### What you will do:
Reproduce everything from the line that contains "Polished Round Grade" down to the line that contains "Image of Ombe Crop Top in Tailoring Brown" in the listing below, word for word and nothing more. Leave the pictures out.

### Material for this task:
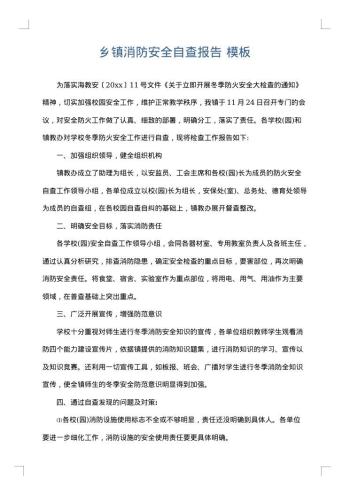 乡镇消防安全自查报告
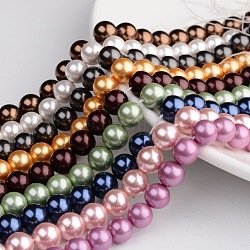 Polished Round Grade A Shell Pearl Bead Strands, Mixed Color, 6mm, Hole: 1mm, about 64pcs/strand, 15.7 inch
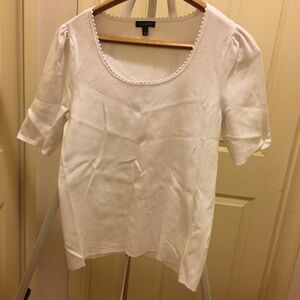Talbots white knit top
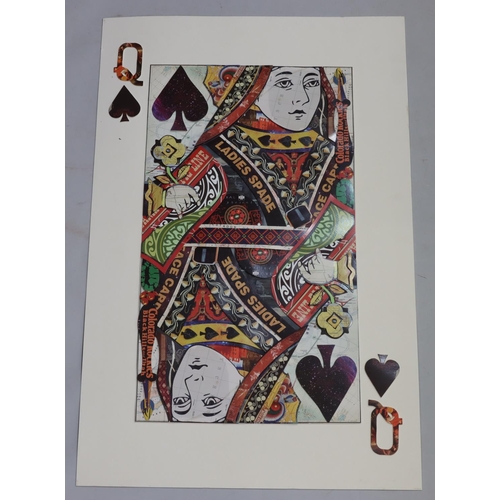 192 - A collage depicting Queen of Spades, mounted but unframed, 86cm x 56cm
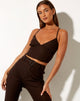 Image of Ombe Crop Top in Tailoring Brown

==

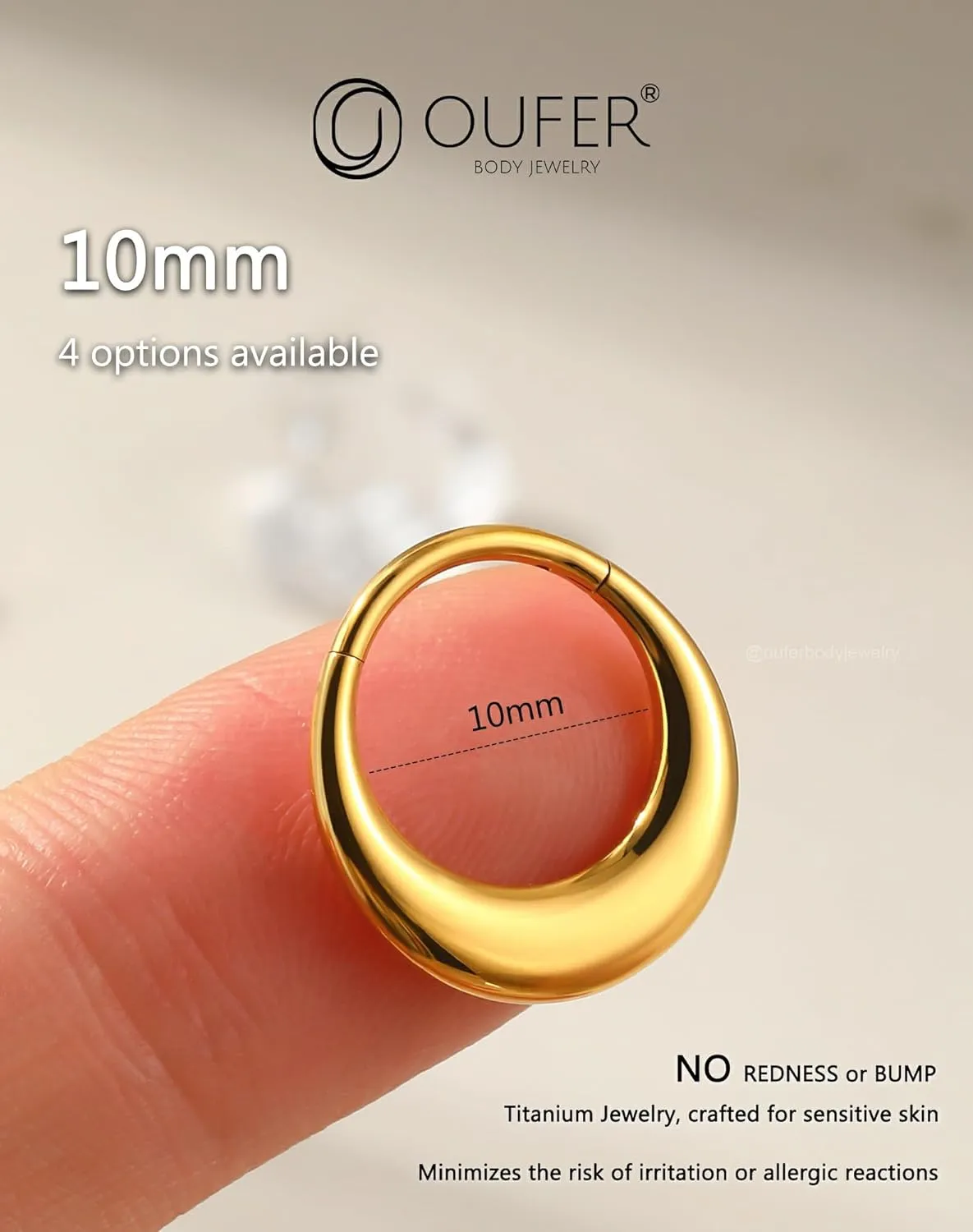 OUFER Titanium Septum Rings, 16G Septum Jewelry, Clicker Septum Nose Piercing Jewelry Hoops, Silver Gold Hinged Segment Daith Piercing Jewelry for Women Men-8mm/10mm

### Task result:
 Polished Round Grade A Shell Pearl Bead Strands, Mixed Color, 6mm, Hole: 1mm, about 64pcs/strand, 15.7 inch
Talbots white knit top
 192 - A collage depicting Queen of Spades, mounted but unframed, 86cm x 56cm
 Image of Ombe Crop Top in Tailoring Brown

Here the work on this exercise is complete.